SS: How was proofreading back then?
GS: It was challenging doing proofreading in the old days with line of type. You had something called galley proofs where they would take a sheet of paper and put ink on the type and it should’ve all been backwards. And then it looks normal when they print it. Sometimes there was a mistake in the correction line so they had to redo the whole line. We had to check those and a lot of times on deadline, there would be no time to get it approved so you’d have to read the line backwards. So that’s how I learned to read backwards and even upside down.
SS: What was the atmosphere like during deadline?
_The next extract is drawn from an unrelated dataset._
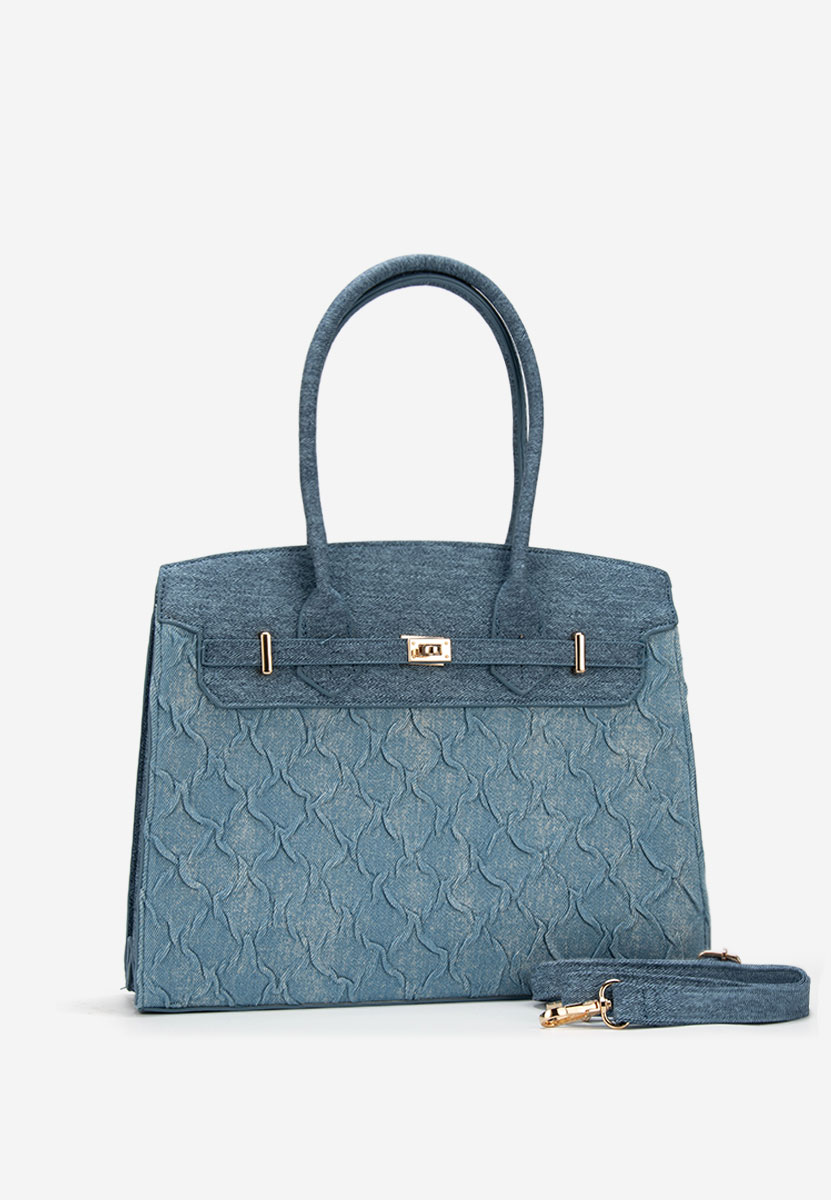 Ръчна чанта Neoliana деним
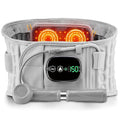 ERHIVORA Decompression Back Belt with Red Light Heating and Massage, Back Reliever, Inflatable Back Brace for Spinal Lumbar Woman Men Heating Pad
GS: Journalism by definition is imperfect. You can always improve on things and we did the best that we could. But most of the time our copy was pretty clean as far as errors or typos go. More importantly, as far as factual errors, it’s more important to get the facts right than to avoid every last typo. But typos damage your credibility with the readership, so it’s best to minimize them.
SS: How often would you come out with an issue?
GS: The Scope came out every two weeks. The work can be fun. That’s what I always liked about it. Even a bad day in newspapers was more interesting than most jobs.